● WORK TO COMPLETE
No pictures, no extra lines: copy exactly from the line with "Building Photo - 460 Caney Ln" through the end of the entries.

● DATA FOR THIS EXERCISE
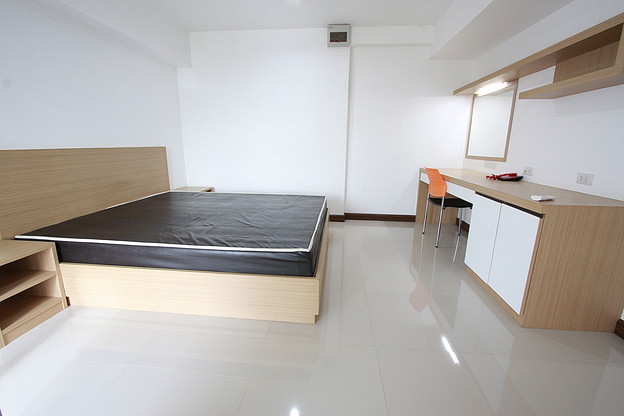 Condo · bangkok — photo 2
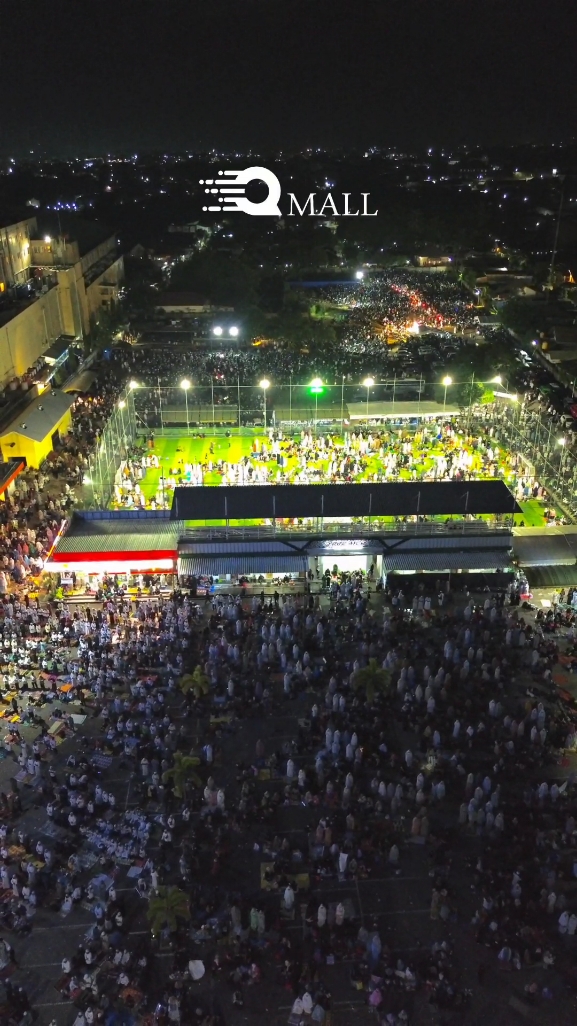 MOMENT JAMAAH HAUL SEKUMPUL KE 20 (2025) DI Q Mall BANJARBARU KALIMANTAN SELATAN PADA  5 RAJAB 1446 H / 5 JAN 2025. Video Source : @qmallbanjarbaru  #Sekumpul #Qmall #Mall #QmallBjb #QmallBanjarBaru #DroneView #Haul #Haul20 #GaulKe20 #BanjarBaruNightView #QmallNightView #BanjarPRIDE #KalimantanSelatan #AbahGuruSekumpul #TuanGuruSekumpul 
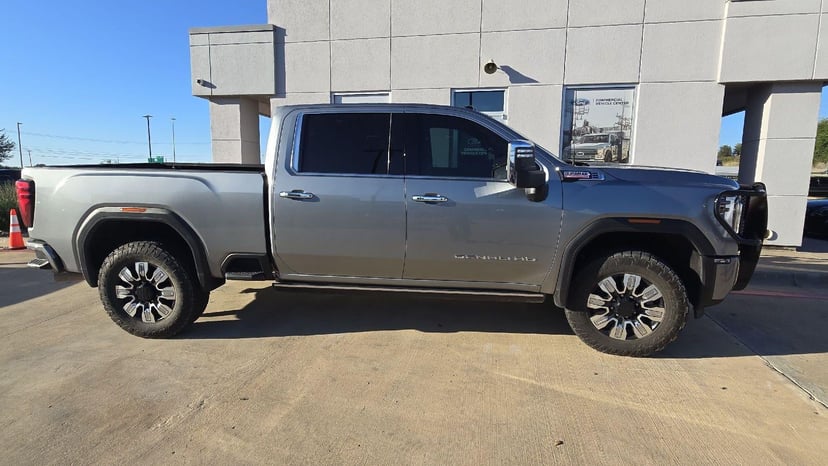 2024 GMC Sierra 2500HD - Image 1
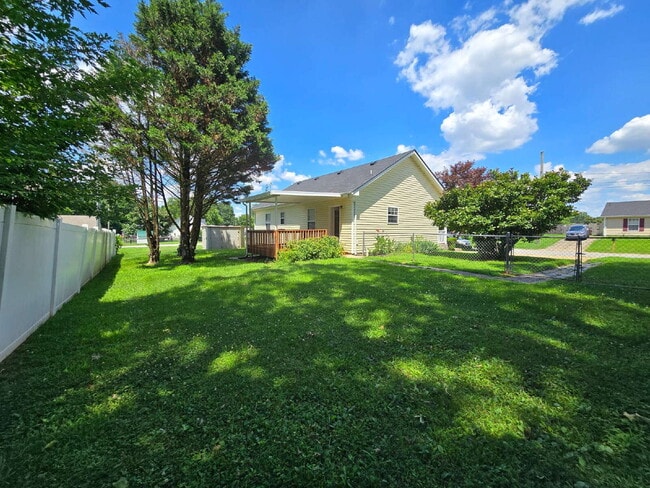 Building Photo - 460 Caney Ln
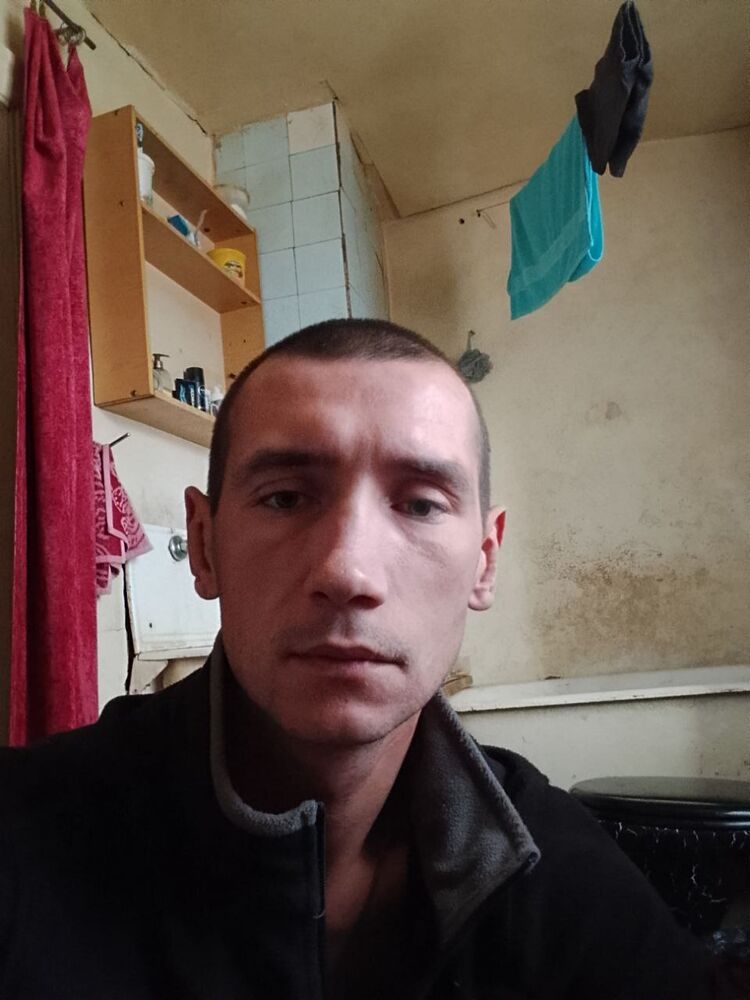  46012813  , 28 ,    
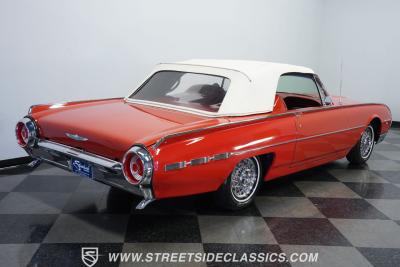 1962 Ford Thunderbird Sports Roadster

● OUTPUT OF THE EXERCISE
 Building Photo - 460 Caney Ln
  46012813  , 28 ,    
 1962 Ford Thunderbird Sports Roadster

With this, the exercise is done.